800 mil crianças vivem com HIV e não foram atendidas, segundo a ONU – Foto: Istock

As metas de tratamento foram estabelecidas em 2015, com o prazo de cinco anos do Plano Global para a eliminação de novas infecções por HIV entre crianças. A ação também previa atuações para garantir a sobrevivência das mães e que todas as crianças e adolescentes vivendo com HIV tivessem acesso à terapia antirretroviral. O programa incluía como foco principal 23 países, dos quais 21 estão no continente africano onde se encontram 83% do número global de mulheres grávidas vivendo com HIV. Além disso, 80% das crianças vivendo com HIV e 78% das mulheres jovens de 15 a 24 anos recentemente infectadas com HIV também estão na África.

“Há mais de 20 anos, iniciativas às famílias e crianças para prevenir a transmissão vertical e evitar que crianças morram de AIDS, realmente deram o pontapé inicial no que agora se tornou nossa resposta global à AIDS. Isso resultou de uma ativação sem precedentes de todos os parceiros, no entanto, apesar do progresso inicial e dramático, apesar de mais ferramentas e conhecimento do que nunca, as crianças estão ficando para trás dos adultos e muito para trás de nossos objetivos”, afirmou a diretora executiva adjunta do Programa Conjunto das Nações Unidas sobre HIV/AIDS (UNAIDS), Shannon Hader.

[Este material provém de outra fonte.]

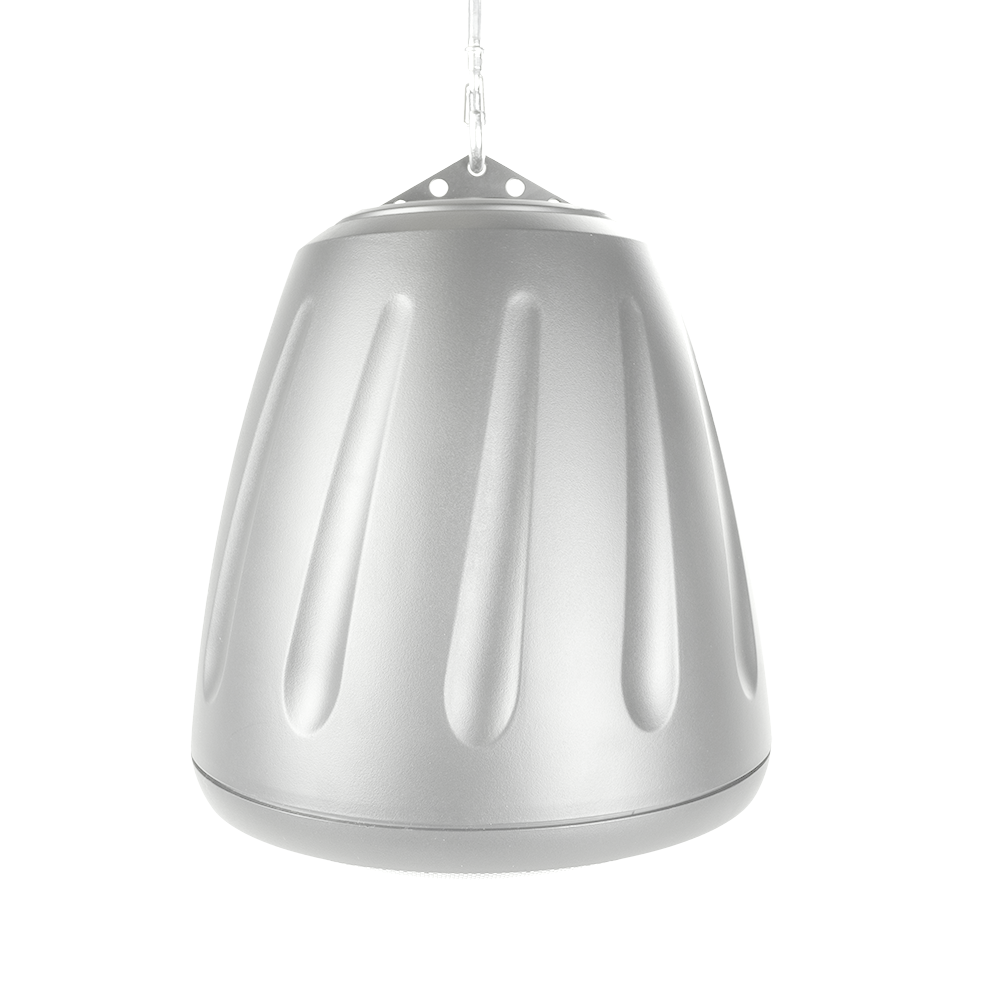 5.25" 2-way Hanging Speaker in White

O relatório divulgado pela ONU indicou que, ao analisar o cenário global, o resultado das ações de combate a AIDS nesses 21 países em foco na África, foram melhores do que em países que não foram acompanhados de perto pelo UNAIDS.  Contudo, mesmo entre esses países que apresentaram melhorias nos dados, os resultados foram muito diferentes em cada país. O levantamento revelou, por exemplo, que enquanto Botswana alcançou 100% de cobertura de tratamento, a República Democrática do Congo atingiu apenas 39%.

República Democrática do Congo atingiu apenas 39% de cobertura de tratamento em crianças – Foto: Getty Images

A partir dos resultados o relatório indicou outras metas a serem cumpridas até 2025 com destaque para alcançar todas as mulheres grávidas com testes e tratamento o mais cedo possível. Isso porque, dados do relatório demonstraram que 66 mil novas infecções por HIV ocorreram entre as crianças porque suas mães não receberam nenhum tratamento antirretroviral ou para o HIV durante a gravidez ou amamentação.

“É claro que acabar com a transmissão vertical requer abordagens inovadoras que apoiem toda a mulher ao longo da vida, incluindo esforços intensificados de prevenção primária, como profilaxia pré-exposição (PrEP), acesso a cuidados reprodutivos integrais e atenção concentrada em meninas adolescentes e mulheres jovens”, afirmou o presidente e diretor executivo da Elizabeth Glaser Pediatric AIDS Foundation, Chip Lyons.